_WHAT NEEDS TO BE DONE_. Reproduce only this stretch of the listing below: from the line with "Gem Grade Green Fluorite Sphere" through the line with "Women Cotton Linen", exactly as written, with pictures excluded.

Top of EXERCISE INPUTS

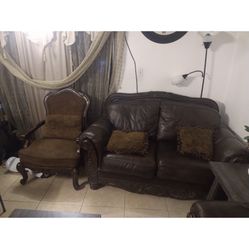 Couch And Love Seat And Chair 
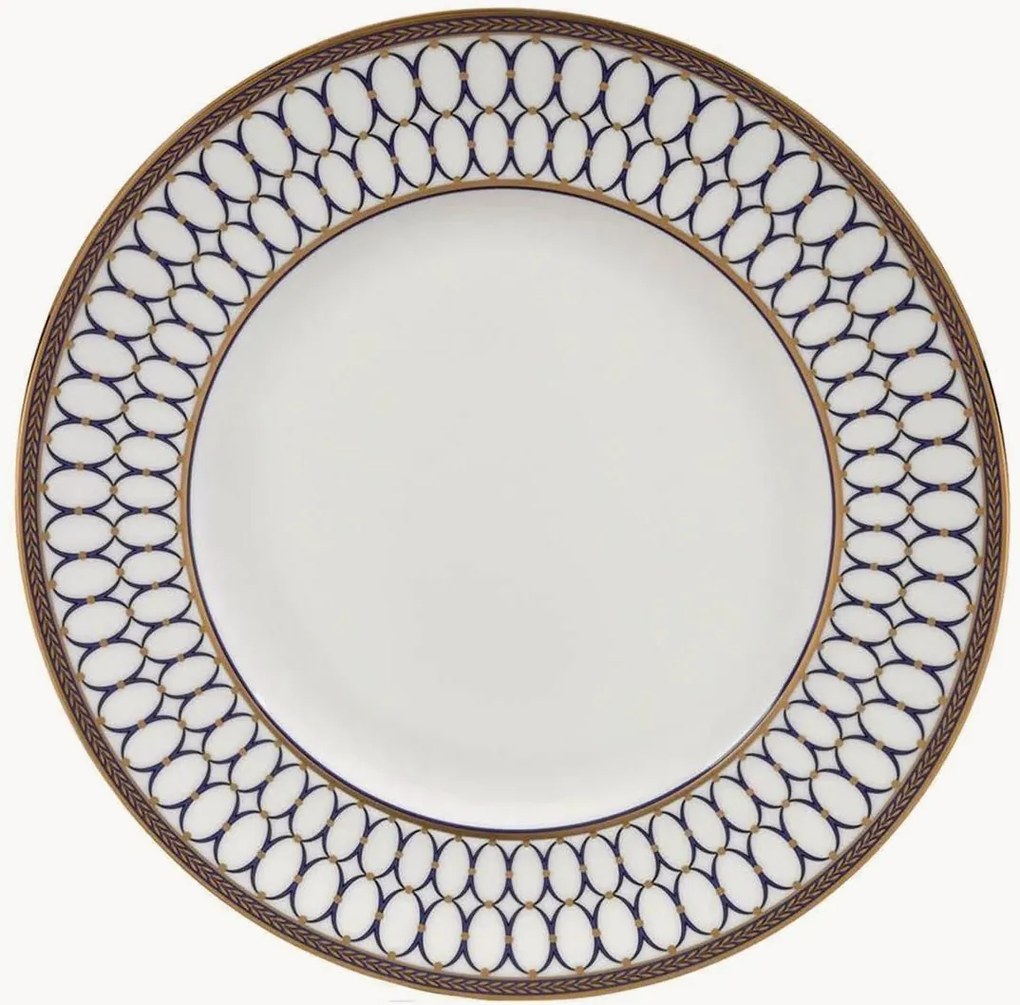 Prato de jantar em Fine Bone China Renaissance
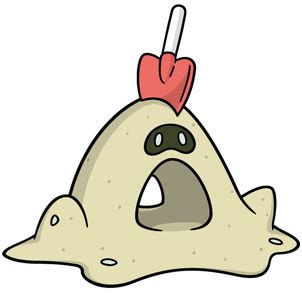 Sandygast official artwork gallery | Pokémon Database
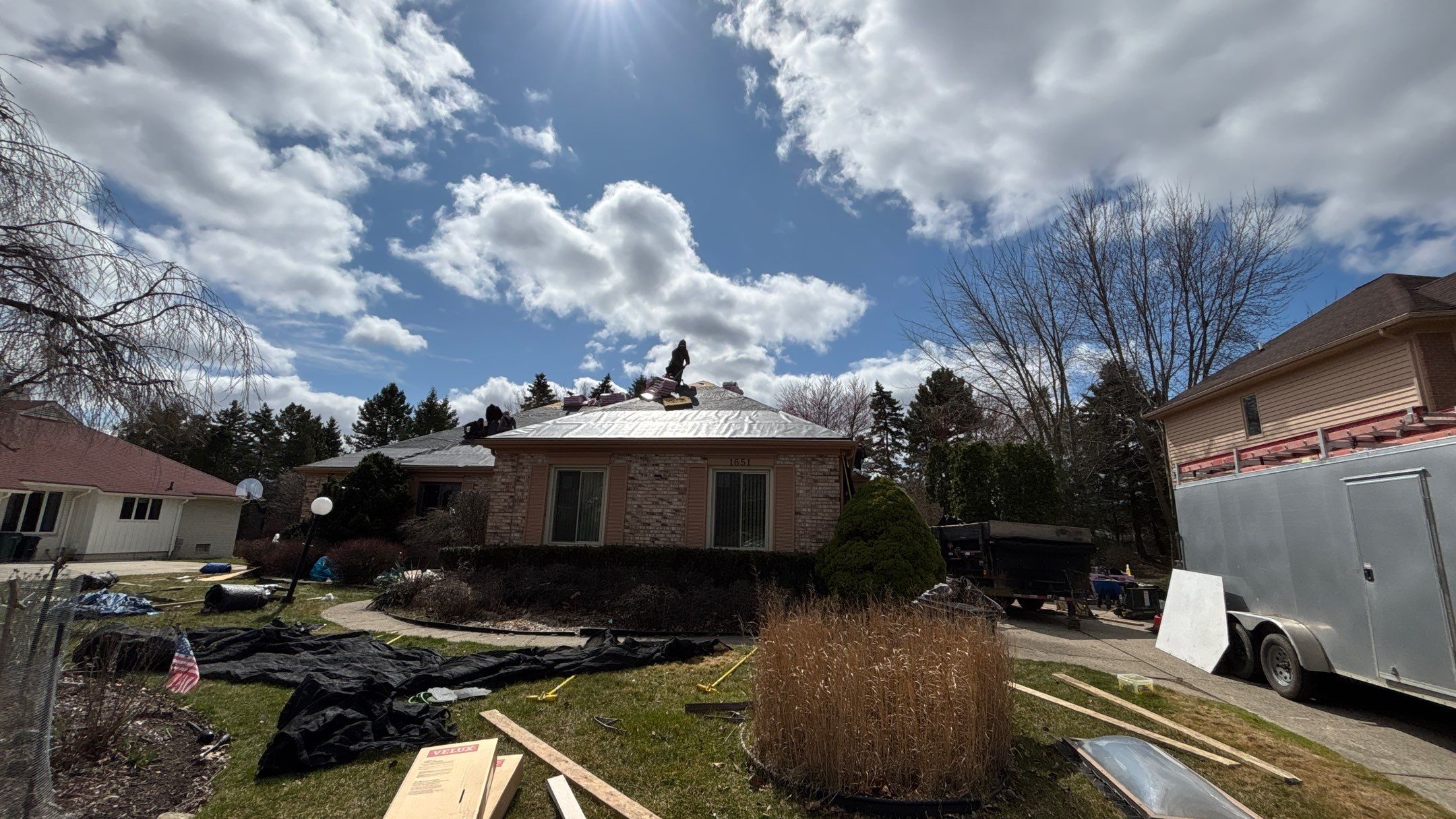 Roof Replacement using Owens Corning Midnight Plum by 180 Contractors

Bottom of EXERCISE INPUTS
Top of EXERCISE INPUTS

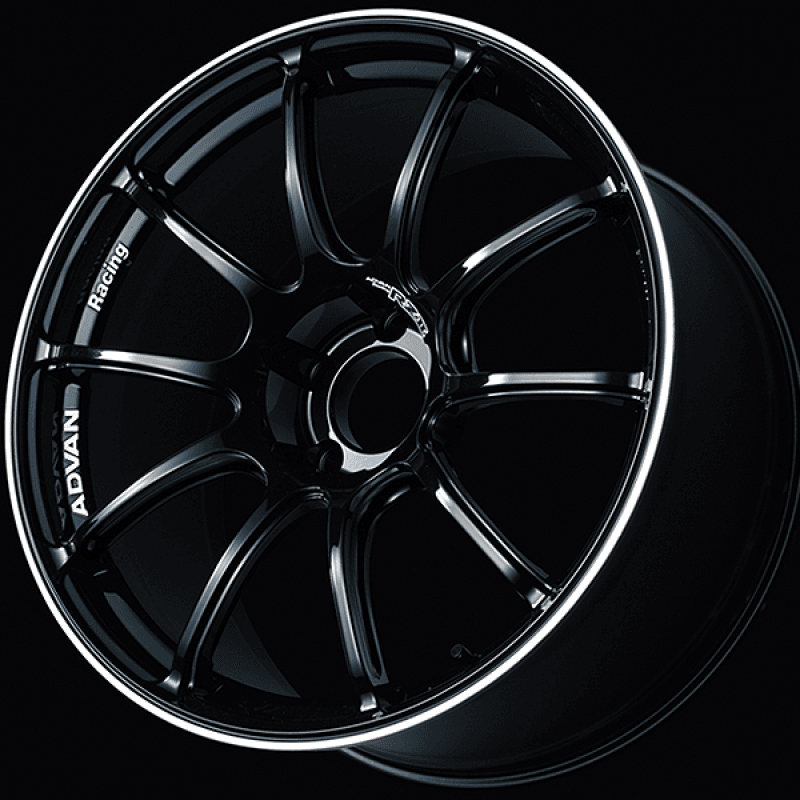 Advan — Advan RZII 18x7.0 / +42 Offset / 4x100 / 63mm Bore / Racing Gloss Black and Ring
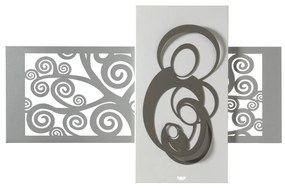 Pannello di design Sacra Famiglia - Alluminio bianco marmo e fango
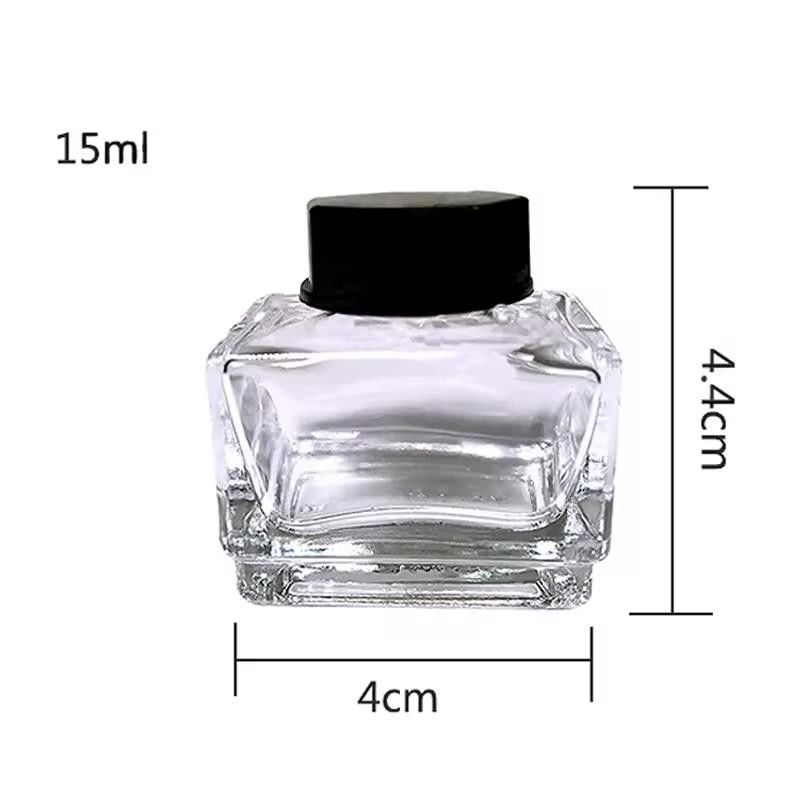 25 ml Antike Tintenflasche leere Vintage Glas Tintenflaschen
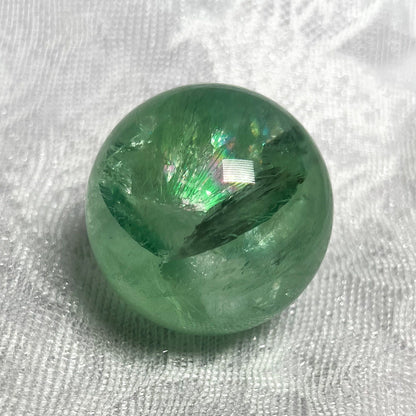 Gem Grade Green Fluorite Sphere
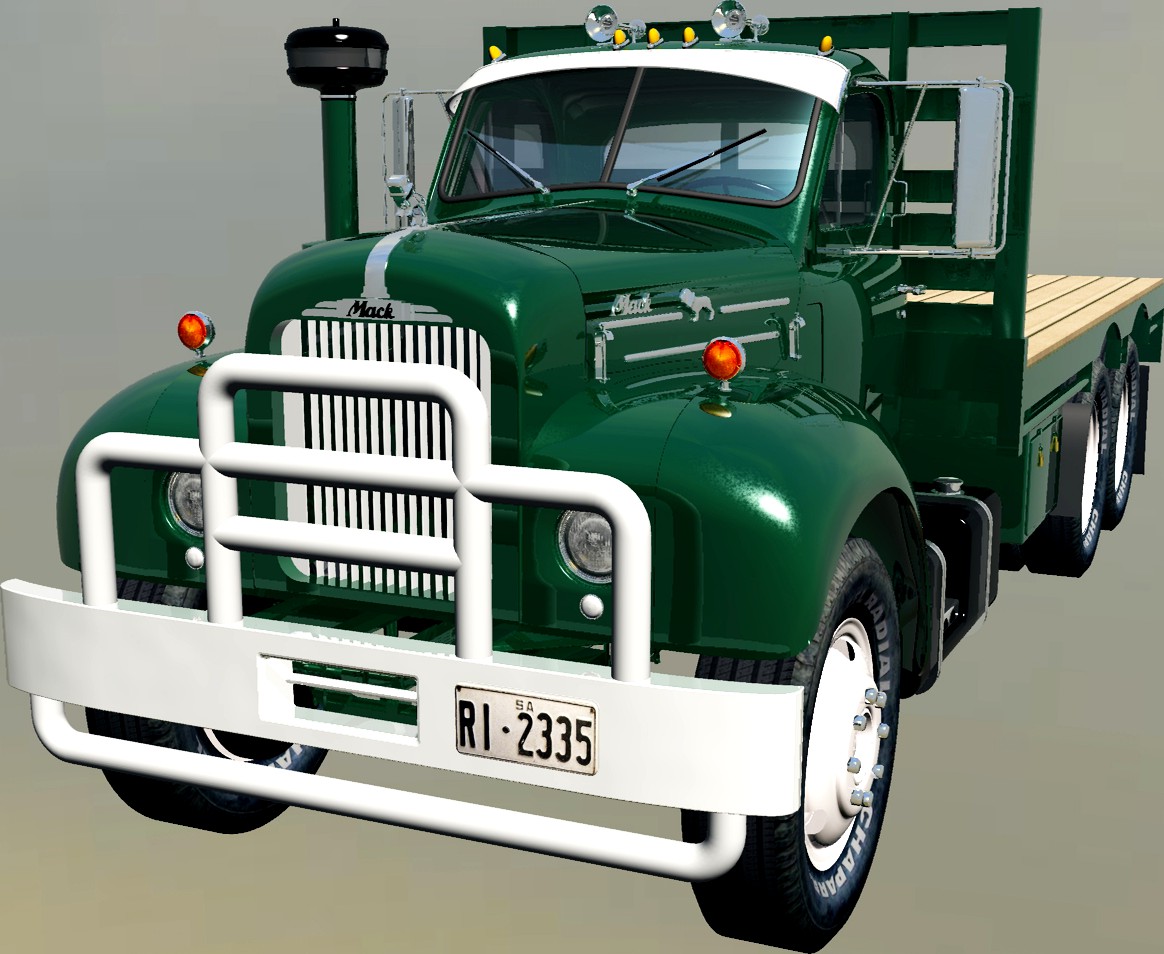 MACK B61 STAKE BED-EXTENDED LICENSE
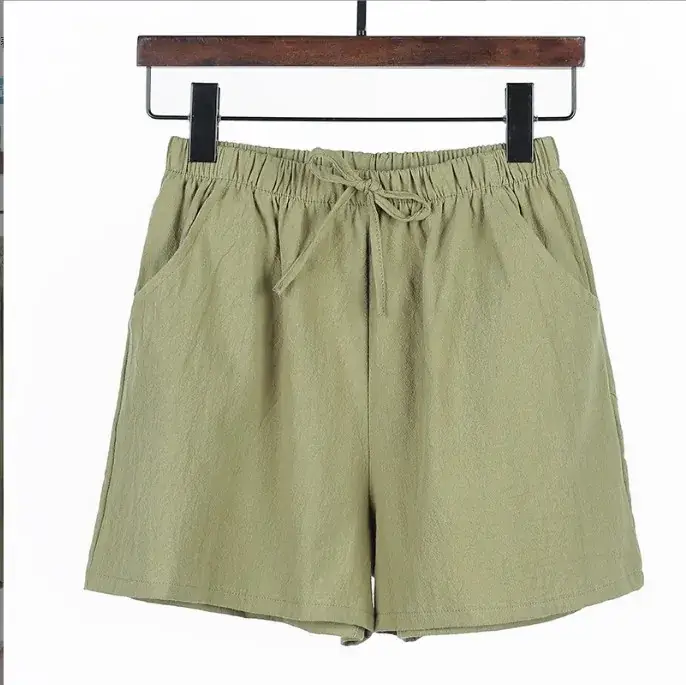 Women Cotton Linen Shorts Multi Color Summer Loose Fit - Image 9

Bottom of EXERCISE INPUTS

_THE COMPLETED TASK_.
 Gem Grade Green Fluorite Sphere
 MACK B61 STAKE BED-EXTENDED LICENSE
 Women Cotton Linen Shorts Multi Color Summer Loose Fit - Image 9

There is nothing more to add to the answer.